Neli Delgado tricked into being a sex worker
At one stage she was forced to sleep with 30 to 40 men a night
Delgado now owns a restaurant and is anti-trafficking activist
Just about everyone who stops by “La Familia” restaurant in Mexico City is welcomed with Neli Delgado’s warm smile.
Delgado’s restaurant is a small, rotisserie chicken, take-out establishment located in a working-class neighborhood. But to its owner, La Familia means much more than just four walls and a rotisserie oven: It’s a sign that she’s once again free to dream big again.
“This is very beautiful to me. It’s the first step, but we will soon be growing and adding new dishes,” Delgado said.
Delgado says her life turned upside down when she was 18 years old. “My father died the month before I was to finish high school and my family completely collapsed,” she said.
Homeless, penniless and grieving, Delgado says she was easy prey for a charming man who promised to care for her, offering marriage and eternal love.
“I used to eat cheap apples and coffee. That’s all I could afford,” Delgado said. “I was suffering a lot, and when he approached me offering to help, I felt I had no other option.”
But the promise of marriage was just a trick. Her suitor was, in reality, a human trafficker.
“One day he told me ‘I gave my life for you and you’re also going to have to give yours for me. I’m struggling financially so you’re going to have to help me by being a sex-worker in Mexico City,’” Delgado said.
‘We were shown off as merchandise’
Delgado was soon forced to work in an alley in La Merced, a notorious red-light district in Mexico City.
“Those of us girls who were new would stand at the entrance. They would show us off as if we were merchandise,” Delgado said.
Delgado says she was forced to have sex with 30 to 40 men every night for a month, until a police raid finally set her free. She says that she was not the only victim of human trafficking. “Ninety percent of those of us there were human trafficking victims,” Delgado said.
Her trafficker was convicted and sentenced to nearly 14 years in prison.
It took some time to put her life back together after regaining her freedom, but Delgado says once she got there she formed an ambitious plan to make something out of a second chance.
That’s when she thought of opening her own restaurant, a dream Delgado had ever since she was working on getting her business degree after regaining her freedom. Her new dream is growing her business enough to make it a franchise in Mexico City.
“This represents everything for me,” Delgado said. “Now I’m free to do whatever I want. Back then I wasn’t free. He would use me as an object clients could buy as they please at any time, and now I have the freedom to do what I like.”
Strength to prevail
She partnered with Luis Narciso, and old friend and classmate from business school. Narciso says he’s awed by Delgado’s determination.

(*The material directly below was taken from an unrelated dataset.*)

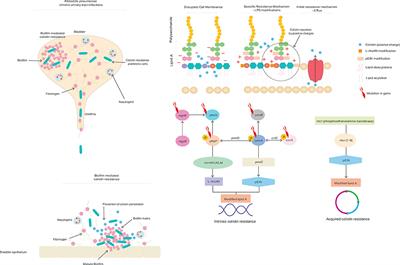 Will There Ever Be Cure for Chronic, Life-Changing Colistin-Resistant Klebsiella pneumoniae in Urinary Tract Infection?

“I wonder where she got the strength to overcome so much and prevail, because you need a lot of will power to get back up again,” Narciso said.
And his partner has no plans of slowing down. Delgado says she would like to open another chicken rotisserie in about a year. They’re currently in conversations with UberEats. If successful, they would be added to the list of restaurants that cater to the office buildings in Polanco, an upscale district in Mexico City.
In the last few years, Delgado has also become an activist, raising awareness about human trafficking and urging authorities in several countries to take steps to curb this crime.
Delgado participated in the “One Billion Rising” event held in Paris in February 2016, which called for “systemic changes towards ending violence against women and girls once and for all.” She also gave her testimony at the Vatican Youth Symposium last October, where she briefly met Pope Francis. She was recently invited to travel to Malta by the Mediterranean country’s government to give her testimony at an event there.
Delgado is also thinking about giving back to her hometown. One of her dreams is to propel economic activity in her community so that other young women like her to become entrepreneurs.
“I used to be discriminated against because I was poor and dark-skinned,” Delgado said. “I would like to empower women so that they can become suppliers for the business group I’ll have in the future.”